IMAN MENGATASI PRIMORDIALISME

DAILY WORDS, SENIN, 16 SEPTEMBER 2024
HARI BIASA DALAM PEKAN BIASA XXIV
PW MARTIR ST. KORNELIUS, PAUS, & ST. SIPRIANUS, USKUP
BY RP. PIUS LAWE, SVD

BACAAN I : I KOR 11: 17 – 26
MAZMUR : MZM 40: 7 – 8a. 8b 0 9. 10. 17
INJIL : LUK 7: 1 – 10

@ Saya memberi judul atas refleksi hari ini sekedar memberi penekanan pada sikap batin si perwira Romawi, baik terhadap hambanya maupun terhadap Tuhan Yesus ( Yang Kudus). Pertama , terhadap hambanya yang sakit keras. Perwira tidak peduli jika yang sakit ini adalah seorang “hamba”. Dia lebih memandang “hamba” sebagai seorang manusia yang bermartabat yang membutuhkan pertolongan di saat susah atau sakit. Inilah sesungguhnya suatu sikap yang terpuji. Baik juga jika saya sebagai imam, tidak melihat posisiku sebagai “kaum tertahbis” yang menjaga jarak, apa lagi dengan mereka yang mungkin dianggap rendah di dalam masyarakat. Iman yang teguh pada Tuhan yang telah berinkarnasi tentunya mengatasi apapun perasaan “superior” yang mungkin ada di dalam diriku. Apalagi ketika saya tidak sadar, cenderung bersikap “over clericalist”. Sikap perwira Romawi yang rendah hati di atas juga saya temukan di dalam diri semua orang yang hari-hari ini saya jumpai dalam upaya menggalang dana bagi Pembangunan Gereja Stasi Waipia. Mereka sudah menjadi contoh yang baik bagiku. Tanpa melihat dari mana saya berasal, warna kulit, tampang, dst., mereka tergerak untuk berusaha menolong umat yang ada di parokiku di pulau Seram. Sungguh iman yang mereka hidupi mengatasi segala macam perasaan dan kondisi yang dapat menjadi tembok pemisah atau “ gap ” antara diri mereka dan orang lain. Danke banya banya untuk semua yang telah menolong sesama tanpa ada syarat atau kondisi yang menghimpit atau merasuki dirinya.

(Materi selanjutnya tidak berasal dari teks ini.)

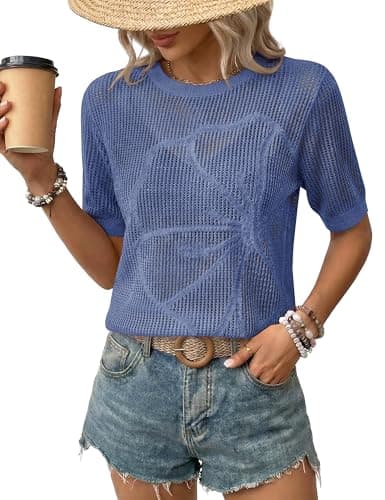 LaGracia Womens Short Sleeve Crochet Sweater Summer Crochet Tops Lightweight Hollow Out Crewneck Pullover Beach Coverup Blue L - Image 1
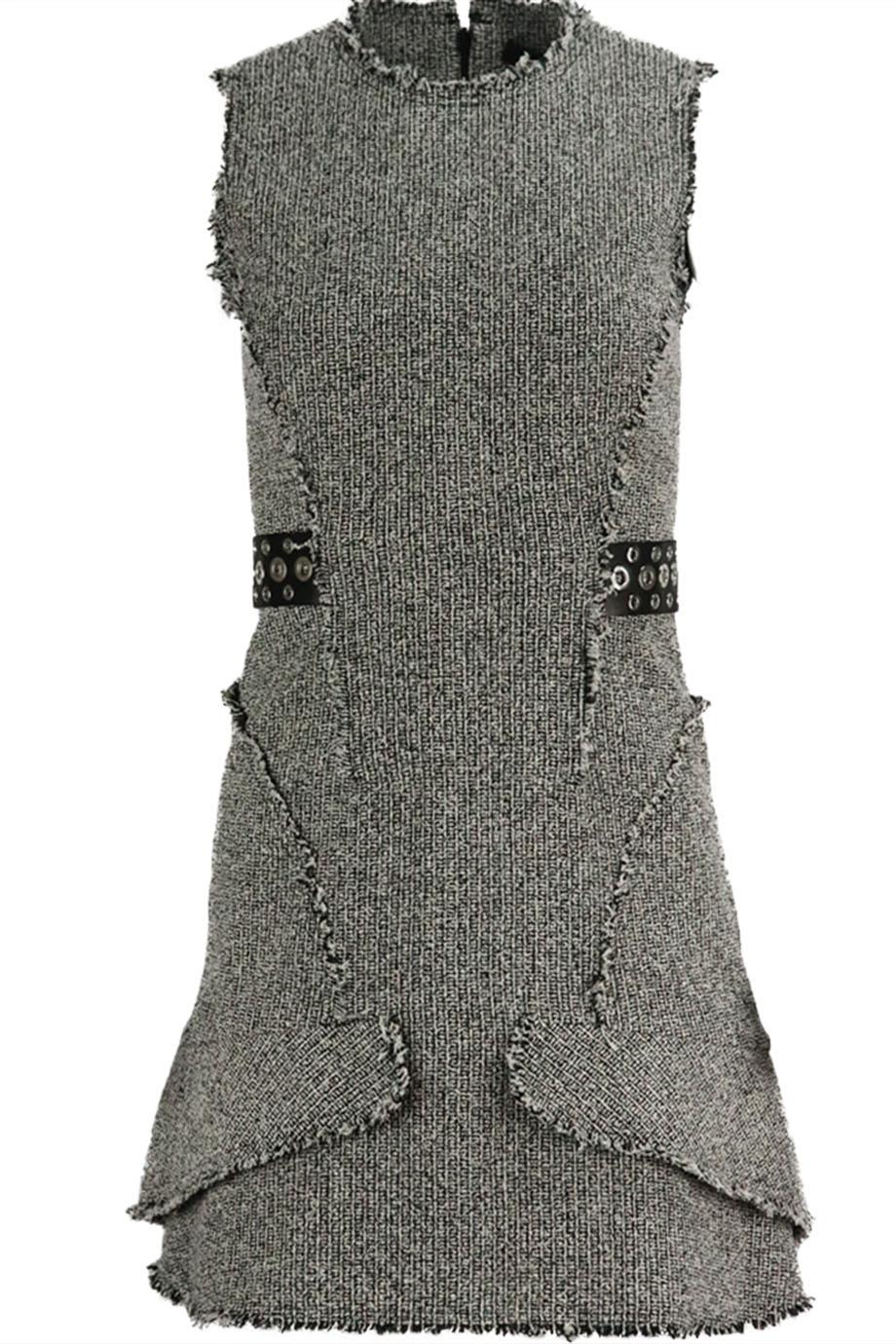 ALEXANDER WANG EYELET EMBELLISHED TWEED MINI DRESS US 0 UK 4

@ Kedua , sikap iman dan batin dari Perwira terhadap Yesus. Baginya, menjadi seorang Romawi yang nota bene adalah bangsa penjajah, tidak membatasi dirinya dengan Yesus, yang adalah seorang Yahudi. Dia lebih melihat apa yang unique atau khusus di dalam diri Yesus. Lebih terpuji lagi ketika si perwira Romawi ini sudah memandang jauh lebih ke dalam ( deepest into ) diri Yesus sebagai “bukan sekedar Yahudi” melainkan “ Yang Kudus ”. Hal pertama, dia menyatakan ketidak-layakannya untuk dekat atau dikunjungi oleh “ Yang Kudus ” karena dia bukan seorang Yahudi. Dalam pandangan orang Yahudi, bagi pendatang atau perantau atau penjajah, mereka hanyalah Kumpulan kaum kafir yang tidak mengenal Allah Israel. “ Tuan, jangan bersusah-susah, sebab aku merasa tidak layak menerima Tuan dalam rumahku. Sebab itu aku juga merasa tidak pantas datang sendiri mendapatkan Tuan. Tetapi katakanlah sepatah kata saja, maka hambaku itu akan sembuh …”. Hal kedua berhubungan dengan sikap batin sang perwira itu adalah merasa dirinya sebagai seorang yang tidak layak, mungkin karena pekerjaan atau tugasnya sebagai seorang perwira. Di dalam tugas mempertahankan kedaulatan kekaiseran Romawi, mungkin saja dia banyak melakukan hal-hal yang melukai hati sesama, apalagi bawahannya di dalam kesatuan ketentaraan. Hal inilah yang membuat dia merasa tidak layak untuk ada di hadapan atau didatangi oleh “ Yang Kudus”.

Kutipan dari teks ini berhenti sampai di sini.